* [Records shown]:
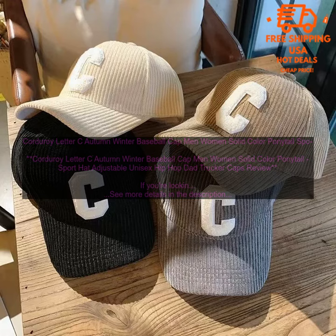The cap is available in a variety of colors, so you can find one that matches your personal style. Pros: soft and durable corduroy material; large C letter embroidered on the front; relaxed fit; adjustable strap; ponytail hole in the back; perfect for a variety of activities; available in a variety of colors.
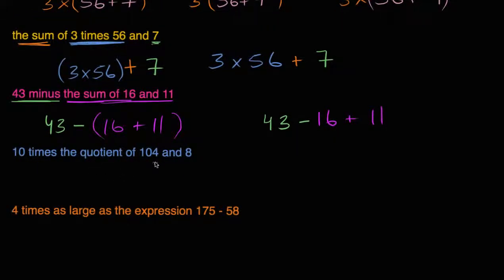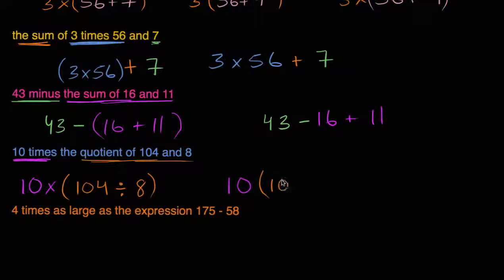This is fun — let's keep going. '10 times the quotient of 104 and 8.' So we're going to do 10 times something — 10 times the quotient of 104 and 8. The quotient of 104 and 8 we could write as 104 divided by 8. So you could write this as 10 × (104 ÷ 8).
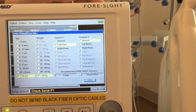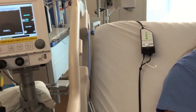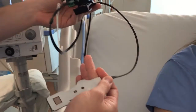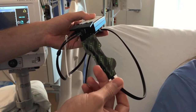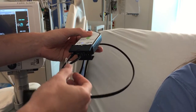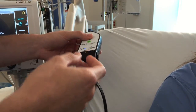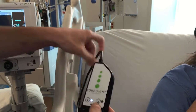The monitor recommends a large foresight sensor for this patient. We can go ahead and select done to clear that screen. The sensor cable connects to our NIRS sensor, which can be found in the Pixis supply room across from bed space 4. We've selected the large sensor as the monitor indicated — it will not let you use anything but the large sensor once you've entered the patient's age and weight.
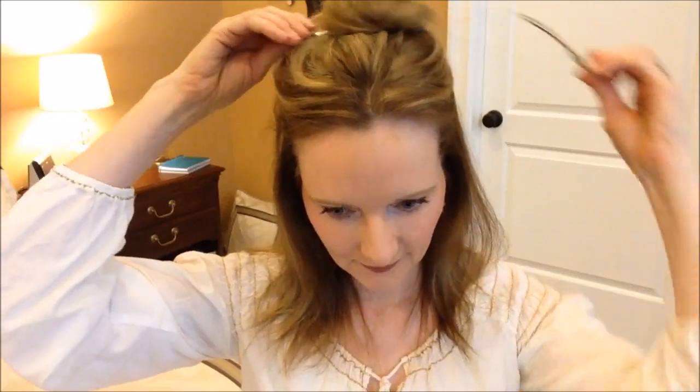Now I'll take my hair down and get to see my final look. Hope you all enjoyed this tutorial. Please leave me comments — I love those. Don't forget to give me a thumbs up and subscribe. See you all next time, bye!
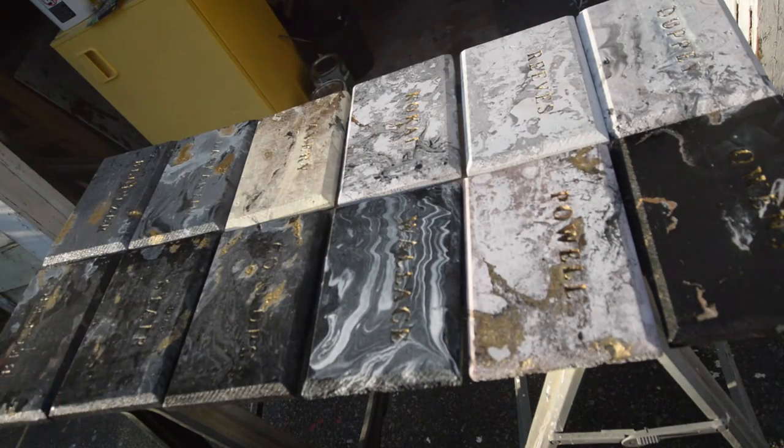All the different plaques — the designs, the colors — everything looks pretty wild. I think it's gonna look really cool when it's hanging up on the wall.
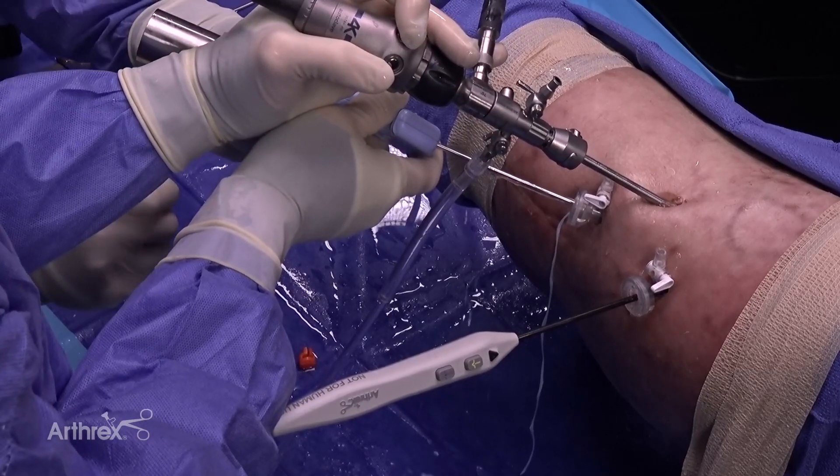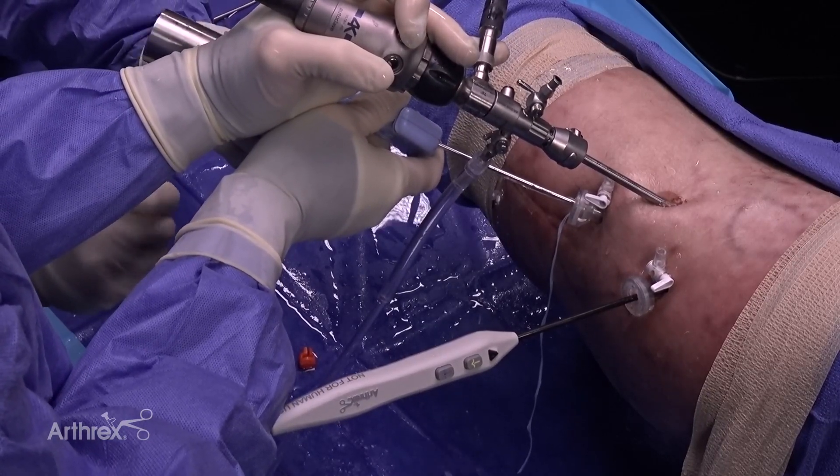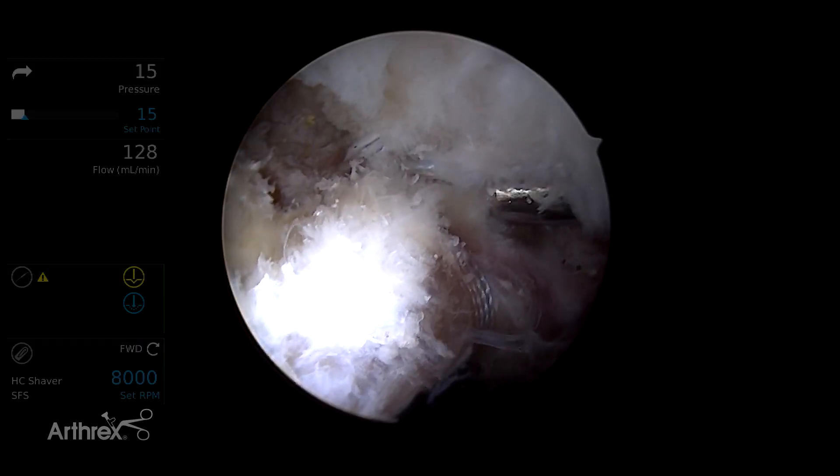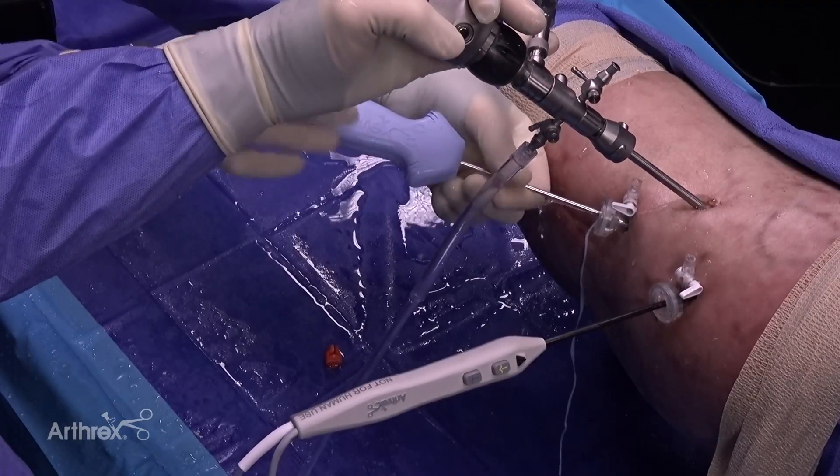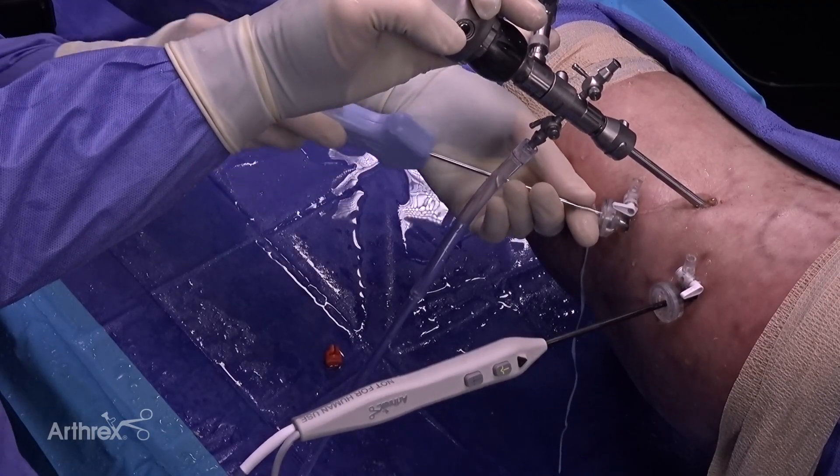The anchor has a laser line which allows appropriate positioning. Once that laser line is flush with the base of the anchor, it is impacted into place and then unscrewed. With slight pulling, it will slide right out.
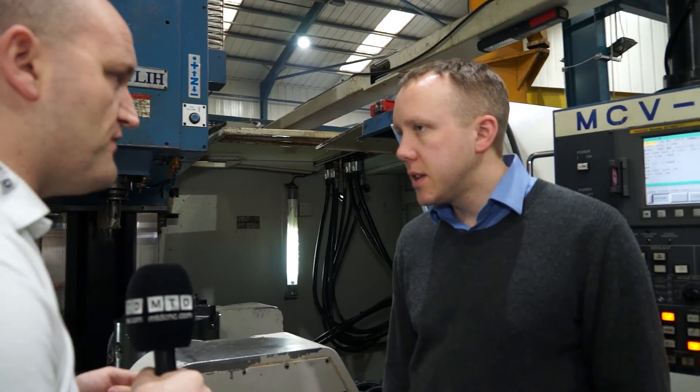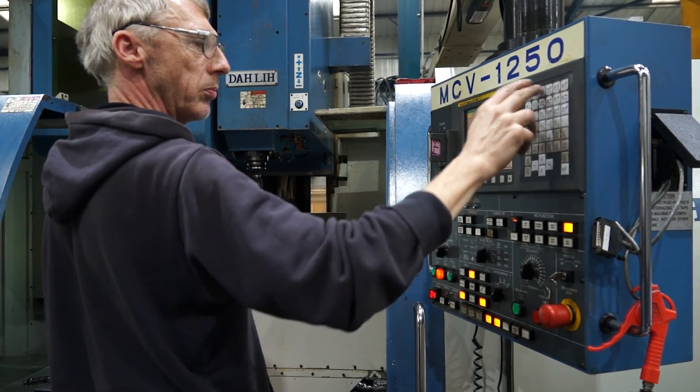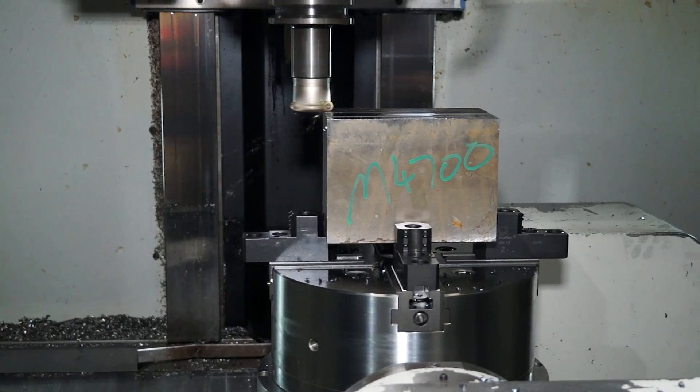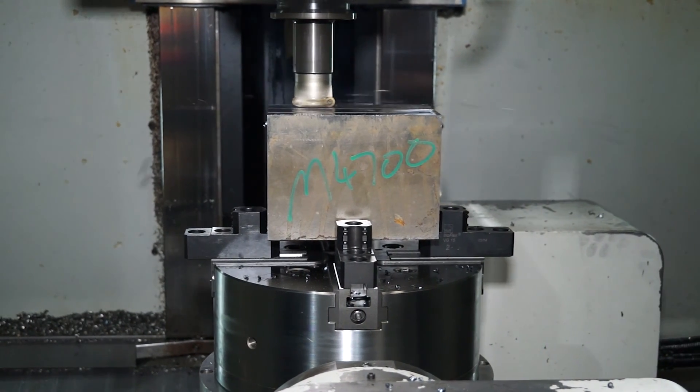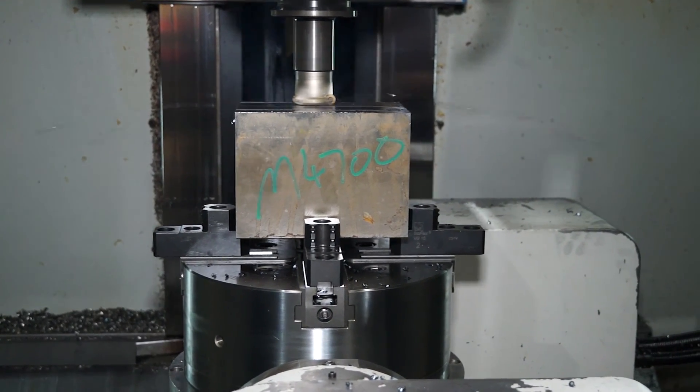This product is supplied by TAME Workhold in the UK. Have you dealt with them before? Yes, we've known TAME a number of years. We've mainly dealt with them on the turning side — this is the first time we've looked at milling and fixturing at all. We're very pleased with the product. We've also got another one of these up at our company up in Elland.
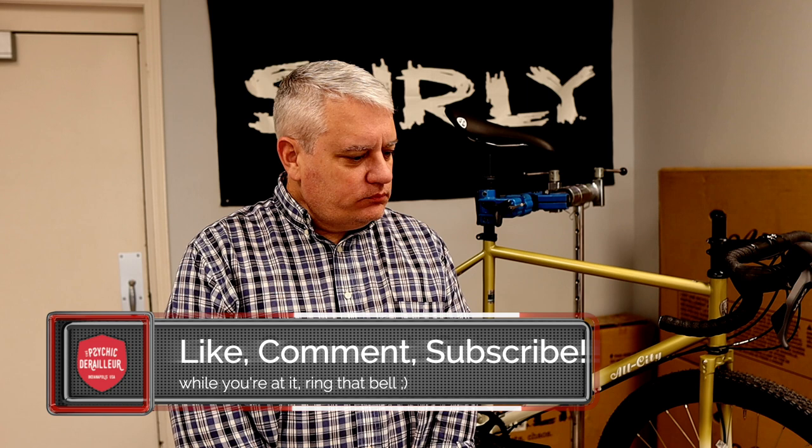Welcome back, friends. Finally, and at long last, I've ridden the All City Cycles Gorilla Monsoon. It was my first ride ever on this bike. I didn't really know what to expect, and I was really pleasantly surprised.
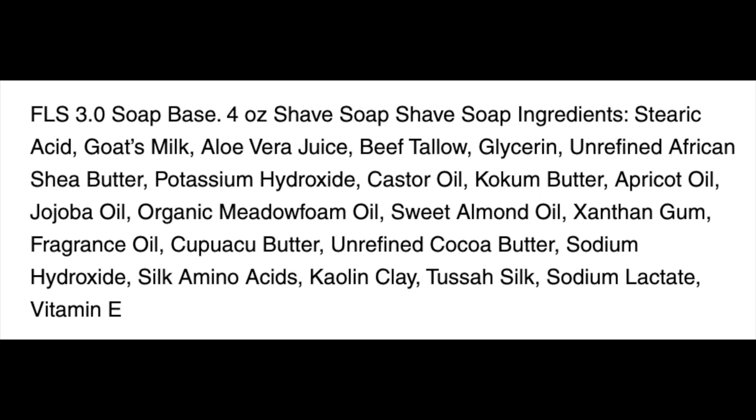I find this particular soap to be really easy to lather. It's soft, but not goopy soft. I had no problems lathering it at all, so we look forward to using it today. We're also going to be using the Vector Ti Titanium for a dome shave today because I've had so many requests to use the Vector for a dome shave.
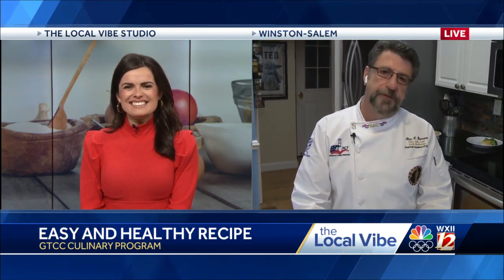Good morning, Chef Al. Thanks for being with us. So this recipe sounds so good, and folks can follow along with the recipe right now — visit triadcw.com and follow along with us. I love salmon, I make it all the time, but this is kind of a nice new twist. So take it away.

* [Task item]: Pictures are to be dropped, and every record is to be copied exactly.

* [Result below]:
The cap is available in a variety of colors, so you can find one that matches your personal style. Pros: soft and durable corduroy material; large C letter embroidered on the front; relaxed fit; adjustable strap; ponytail hole in the back; perfect for a variety of activities; available in a variety of colors.
This is fun — let's keep going. '10 times the quotient of 104 and 8.' So we're going to do 10 times something — 10 times the quotient of 104 and 8. The quotient of 104 and 8 we could write as 104 divided by 8. So you could write this as 10 × (104 ÷ 8).
The monitor recommends a large foresight sensor for this patient. We can go ahead and select done to clear that screen. The sensor cable connects to our NIRS sensor, which can be found in the Pixis supply room across from bed space 4. We've selected the large sensor as the monitor indicated — it will not let you use anything but the large sensor once you've entered the patient's age and weight.
Now I'll take my hair down and get to see my final look. Hope you all enjoyed this tutorial. Please leave me comments — I love those. Don't forget to give me a thumbs up and subscribe. See you all next time, bye!
All the different plaques — the designs, the colors — everything looks pretty wild. I think it's gonna look really cool when it's hanging up on the wall.
The anchor has a laser line which allows appropriate positioning. Once that laser line is flush with the base of the anchor, it is impacted into place and then unscrewed. With slight pulling, it will slide right out.
This product is supplied by TAME Workhold in the UK. Have you dealt with them before? Yes, we've known TAME a number of years. We've mainly dealt with them on the turning side — this is the first time we've looked at milling and fixturing at all. We're very pleased with the product. We've also got another one of these up at our company up in Elland.
Welcome back, friends. Finally, and at long last, I've ridden the All City Cycles Gorilla Monsoon. It was my first ride ever on this bike. I didn't really know what to expect, and I was really pleasantly surprised.
I find this particular soap to be really easy to lather. It's soft, but not goopy soft. I had no problems lathering it at all, so we look forward to using it today. We're also going to be using the Vector Ti Titanium for a dome shave today because I've had so many requests to use the Vector for a dome shave.
Good morning, Chef Al. Thanks for being with us. So this recipe sounds so good, and folks can follow along with the recipe right now — visit triadcw.com and follow along with us. I love salmon, I make it all the time, but this is kind of a nice new twist. So take it away.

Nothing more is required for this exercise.